If in ‘truth’ God acted along with others, who were they and what was their relationship to God.  We can only see God as the ultimate authority, the power behind the switch (or the ‘match.’).


Tertullian wrote[iii], “For God is rational, and Reason was first in them.”  The Greeks called this logos.  From reason and thought we have internal conversations, self-discussions, using words.  Thus, with Reason inherent in God, even as Allah, we also have the exchange of ideas, even if internal, our self-discourse, which owes then to God the “Word”.

“Word itself consists of Reason” so Tertullian states.  God at creation had not as yet sent forth HIS WORD.  As you recall, he “spoke” the Universe into existence.  (Genesis 1:3, “And God said, ‘Let there be light.’“)

Tertullian notes the ‘Word’ is as “a second person within you, through which in thinking you utter speech, and through which also, in uttering speech, you generate thought”[iv]

The ‘Word’ is more than verbal.  It is a Being, as the Word is… (to be further discussed in subsequent Blogs on this topic)

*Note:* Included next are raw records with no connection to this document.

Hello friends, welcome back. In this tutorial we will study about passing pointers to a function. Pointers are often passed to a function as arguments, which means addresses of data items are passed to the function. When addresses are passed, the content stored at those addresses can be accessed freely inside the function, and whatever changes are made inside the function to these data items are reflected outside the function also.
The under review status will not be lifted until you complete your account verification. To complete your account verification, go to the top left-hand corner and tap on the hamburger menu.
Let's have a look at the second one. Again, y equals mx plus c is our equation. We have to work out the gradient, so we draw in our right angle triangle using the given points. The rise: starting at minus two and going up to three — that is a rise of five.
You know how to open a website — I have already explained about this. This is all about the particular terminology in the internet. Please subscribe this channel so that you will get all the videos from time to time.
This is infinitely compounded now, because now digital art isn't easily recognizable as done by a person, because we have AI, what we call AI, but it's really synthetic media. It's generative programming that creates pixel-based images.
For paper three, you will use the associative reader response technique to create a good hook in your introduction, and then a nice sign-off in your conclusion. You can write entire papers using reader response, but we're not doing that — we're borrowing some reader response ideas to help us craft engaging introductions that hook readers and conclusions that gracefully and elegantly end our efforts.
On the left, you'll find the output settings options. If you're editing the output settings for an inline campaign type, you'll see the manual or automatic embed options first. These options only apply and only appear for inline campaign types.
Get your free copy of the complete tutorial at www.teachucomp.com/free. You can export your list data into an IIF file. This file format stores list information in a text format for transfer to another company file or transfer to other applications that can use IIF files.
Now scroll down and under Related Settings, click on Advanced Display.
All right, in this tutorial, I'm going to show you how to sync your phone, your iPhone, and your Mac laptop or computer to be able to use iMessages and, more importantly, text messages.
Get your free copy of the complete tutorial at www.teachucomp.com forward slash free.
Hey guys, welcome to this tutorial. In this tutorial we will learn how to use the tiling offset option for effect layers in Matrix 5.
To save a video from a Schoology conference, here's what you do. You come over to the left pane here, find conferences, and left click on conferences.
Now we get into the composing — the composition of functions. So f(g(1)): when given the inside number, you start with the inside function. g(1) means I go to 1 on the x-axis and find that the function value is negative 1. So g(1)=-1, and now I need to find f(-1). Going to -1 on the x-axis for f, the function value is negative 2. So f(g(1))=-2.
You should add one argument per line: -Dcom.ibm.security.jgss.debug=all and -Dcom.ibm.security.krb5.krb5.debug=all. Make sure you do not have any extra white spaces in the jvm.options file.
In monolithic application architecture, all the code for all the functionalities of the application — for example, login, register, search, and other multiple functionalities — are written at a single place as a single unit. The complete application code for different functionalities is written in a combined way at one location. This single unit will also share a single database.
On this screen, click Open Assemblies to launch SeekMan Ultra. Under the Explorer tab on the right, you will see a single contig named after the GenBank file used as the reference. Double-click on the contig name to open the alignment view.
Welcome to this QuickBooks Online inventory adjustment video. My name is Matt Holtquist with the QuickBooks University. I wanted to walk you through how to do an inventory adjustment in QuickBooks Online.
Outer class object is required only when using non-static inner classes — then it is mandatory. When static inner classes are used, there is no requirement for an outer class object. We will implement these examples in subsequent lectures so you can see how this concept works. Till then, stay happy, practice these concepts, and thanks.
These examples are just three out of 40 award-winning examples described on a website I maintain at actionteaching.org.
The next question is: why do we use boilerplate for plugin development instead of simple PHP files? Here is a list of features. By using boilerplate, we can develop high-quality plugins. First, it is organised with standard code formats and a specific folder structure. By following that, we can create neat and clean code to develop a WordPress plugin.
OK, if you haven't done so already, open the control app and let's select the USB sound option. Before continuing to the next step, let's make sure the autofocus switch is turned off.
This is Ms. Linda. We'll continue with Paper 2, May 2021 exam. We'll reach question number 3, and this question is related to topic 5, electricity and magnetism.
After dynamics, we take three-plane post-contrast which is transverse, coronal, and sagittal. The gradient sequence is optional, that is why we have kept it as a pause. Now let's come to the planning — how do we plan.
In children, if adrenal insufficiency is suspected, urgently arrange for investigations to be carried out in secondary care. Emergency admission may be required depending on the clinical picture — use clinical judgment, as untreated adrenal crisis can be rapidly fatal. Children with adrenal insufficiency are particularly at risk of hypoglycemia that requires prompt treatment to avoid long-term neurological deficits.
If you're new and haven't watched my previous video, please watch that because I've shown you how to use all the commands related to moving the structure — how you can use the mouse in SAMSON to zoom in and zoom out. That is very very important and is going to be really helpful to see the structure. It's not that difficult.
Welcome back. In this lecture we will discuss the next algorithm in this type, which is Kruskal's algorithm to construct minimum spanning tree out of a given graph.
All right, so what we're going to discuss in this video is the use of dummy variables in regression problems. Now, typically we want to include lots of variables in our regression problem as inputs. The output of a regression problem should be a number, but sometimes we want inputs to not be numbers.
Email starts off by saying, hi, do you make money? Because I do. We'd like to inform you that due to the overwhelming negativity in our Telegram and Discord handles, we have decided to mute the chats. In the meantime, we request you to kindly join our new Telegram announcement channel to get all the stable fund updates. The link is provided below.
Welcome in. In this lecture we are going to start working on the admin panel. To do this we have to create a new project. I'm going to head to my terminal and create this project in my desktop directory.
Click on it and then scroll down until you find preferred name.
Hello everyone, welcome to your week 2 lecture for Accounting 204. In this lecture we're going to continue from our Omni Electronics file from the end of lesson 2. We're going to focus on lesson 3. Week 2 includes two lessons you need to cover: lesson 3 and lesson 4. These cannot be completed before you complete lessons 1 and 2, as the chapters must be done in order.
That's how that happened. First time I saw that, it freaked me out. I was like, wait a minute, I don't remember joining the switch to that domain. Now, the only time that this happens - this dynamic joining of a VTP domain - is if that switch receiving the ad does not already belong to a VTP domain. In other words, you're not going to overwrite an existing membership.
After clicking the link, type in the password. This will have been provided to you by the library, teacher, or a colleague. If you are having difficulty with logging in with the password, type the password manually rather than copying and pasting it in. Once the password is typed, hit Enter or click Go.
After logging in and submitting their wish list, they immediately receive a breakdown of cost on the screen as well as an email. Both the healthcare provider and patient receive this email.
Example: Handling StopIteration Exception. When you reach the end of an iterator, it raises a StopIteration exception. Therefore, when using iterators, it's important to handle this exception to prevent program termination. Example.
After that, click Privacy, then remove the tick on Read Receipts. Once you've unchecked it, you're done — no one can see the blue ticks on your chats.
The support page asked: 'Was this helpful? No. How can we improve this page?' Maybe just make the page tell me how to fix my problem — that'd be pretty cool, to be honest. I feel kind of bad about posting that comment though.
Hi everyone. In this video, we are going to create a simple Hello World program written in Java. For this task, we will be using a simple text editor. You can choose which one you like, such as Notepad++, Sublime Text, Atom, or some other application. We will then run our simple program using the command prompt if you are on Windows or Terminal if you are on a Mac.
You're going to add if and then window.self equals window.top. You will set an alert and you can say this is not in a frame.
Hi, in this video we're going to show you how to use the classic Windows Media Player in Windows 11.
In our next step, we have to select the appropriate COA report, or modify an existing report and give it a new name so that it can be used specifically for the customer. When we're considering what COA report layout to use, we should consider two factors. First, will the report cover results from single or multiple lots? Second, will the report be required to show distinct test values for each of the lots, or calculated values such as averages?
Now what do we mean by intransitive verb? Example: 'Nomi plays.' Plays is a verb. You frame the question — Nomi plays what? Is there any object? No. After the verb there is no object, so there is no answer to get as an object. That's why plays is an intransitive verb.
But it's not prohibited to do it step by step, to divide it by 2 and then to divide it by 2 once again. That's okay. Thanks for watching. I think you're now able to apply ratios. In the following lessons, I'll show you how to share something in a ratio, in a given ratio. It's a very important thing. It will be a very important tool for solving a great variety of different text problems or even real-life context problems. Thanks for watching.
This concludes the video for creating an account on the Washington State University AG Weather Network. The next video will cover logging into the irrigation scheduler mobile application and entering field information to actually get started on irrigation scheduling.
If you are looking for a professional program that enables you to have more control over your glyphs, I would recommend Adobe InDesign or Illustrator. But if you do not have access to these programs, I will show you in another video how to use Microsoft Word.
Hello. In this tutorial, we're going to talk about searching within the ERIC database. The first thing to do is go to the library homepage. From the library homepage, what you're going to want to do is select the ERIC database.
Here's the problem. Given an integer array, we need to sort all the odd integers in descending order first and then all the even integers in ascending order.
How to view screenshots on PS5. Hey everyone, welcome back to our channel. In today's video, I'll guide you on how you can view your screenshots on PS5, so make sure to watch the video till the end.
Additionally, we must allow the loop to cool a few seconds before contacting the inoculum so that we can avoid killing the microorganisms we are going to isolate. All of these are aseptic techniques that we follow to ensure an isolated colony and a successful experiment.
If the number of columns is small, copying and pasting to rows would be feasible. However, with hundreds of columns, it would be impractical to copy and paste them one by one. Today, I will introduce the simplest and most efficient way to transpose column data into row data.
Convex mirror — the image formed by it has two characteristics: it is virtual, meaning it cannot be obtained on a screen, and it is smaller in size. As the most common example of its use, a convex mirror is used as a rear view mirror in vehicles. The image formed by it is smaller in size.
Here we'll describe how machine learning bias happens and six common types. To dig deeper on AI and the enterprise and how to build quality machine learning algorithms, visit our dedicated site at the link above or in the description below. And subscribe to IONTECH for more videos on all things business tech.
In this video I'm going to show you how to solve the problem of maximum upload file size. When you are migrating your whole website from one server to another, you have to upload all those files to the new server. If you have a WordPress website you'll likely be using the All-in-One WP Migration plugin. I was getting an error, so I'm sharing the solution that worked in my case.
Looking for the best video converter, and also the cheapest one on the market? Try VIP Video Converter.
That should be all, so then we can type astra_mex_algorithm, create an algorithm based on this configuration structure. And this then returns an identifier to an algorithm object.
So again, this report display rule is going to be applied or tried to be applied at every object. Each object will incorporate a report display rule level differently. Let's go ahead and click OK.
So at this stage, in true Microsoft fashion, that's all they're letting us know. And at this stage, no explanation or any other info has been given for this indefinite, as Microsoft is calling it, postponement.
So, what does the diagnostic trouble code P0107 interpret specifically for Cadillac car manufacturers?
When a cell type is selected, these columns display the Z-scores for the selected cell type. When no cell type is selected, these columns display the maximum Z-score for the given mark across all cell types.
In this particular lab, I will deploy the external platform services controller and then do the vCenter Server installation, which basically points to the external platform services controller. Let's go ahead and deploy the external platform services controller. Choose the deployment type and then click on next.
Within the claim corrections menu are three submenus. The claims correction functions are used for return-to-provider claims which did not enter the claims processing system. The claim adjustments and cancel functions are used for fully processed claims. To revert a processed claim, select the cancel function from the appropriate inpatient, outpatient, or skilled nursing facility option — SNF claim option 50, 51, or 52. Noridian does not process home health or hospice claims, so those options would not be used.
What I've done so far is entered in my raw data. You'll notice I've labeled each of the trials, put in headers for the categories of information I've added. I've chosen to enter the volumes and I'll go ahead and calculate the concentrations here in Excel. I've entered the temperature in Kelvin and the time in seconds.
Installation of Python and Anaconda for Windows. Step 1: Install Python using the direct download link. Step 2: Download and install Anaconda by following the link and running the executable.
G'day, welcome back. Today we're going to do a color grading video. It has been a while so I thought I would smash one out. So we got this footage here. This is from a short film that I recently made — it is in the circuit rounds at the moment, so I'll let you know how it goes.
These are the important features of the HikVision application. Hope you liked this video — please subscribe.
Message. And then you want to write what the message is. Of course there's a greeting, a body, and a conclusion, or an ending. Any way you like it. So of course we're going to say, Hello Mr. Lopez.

Applying Reason and Word to God as the source what is more applicable a term, as introduced as well by Tertullian, than “Wisdom” (sofia).

Man in God’s Image

We need to establish a few parameters as we proceed.  If God made man in his image, what is the image of God?  –  two essentials that would be common to Man and God.

  • Reason (applied even when you speak to yourself.  In thought, you, we all, use Words)
  • “Animated out of His (God’s) substance”, said Tertullian

Ask then  –  What is the “Word” of God?”

Grace and Peace.

Continued next week…………………….

[i] The subject of the Trinity was also discussed in a prior Blog –[ Understanding Islam – Part 9 – Trinity] – https://tombalderston.wordpress.com/2010/01/13/

[ii] Quintus Septimius Florens Tertullianus, anglicised as Tertullian

[iii] Against Praxeas: In Which He Defends, in all Essential Points, the Doctrine of the Holy Trinity, by Tertullian,  from Amazon Kindle Books.

[iv] Against Praxeas: In Which He Defends, in all Essential Points, the Doctrine of the Holy Trinity, by Tertullian, pg. 166, from Amazon Kindle Books.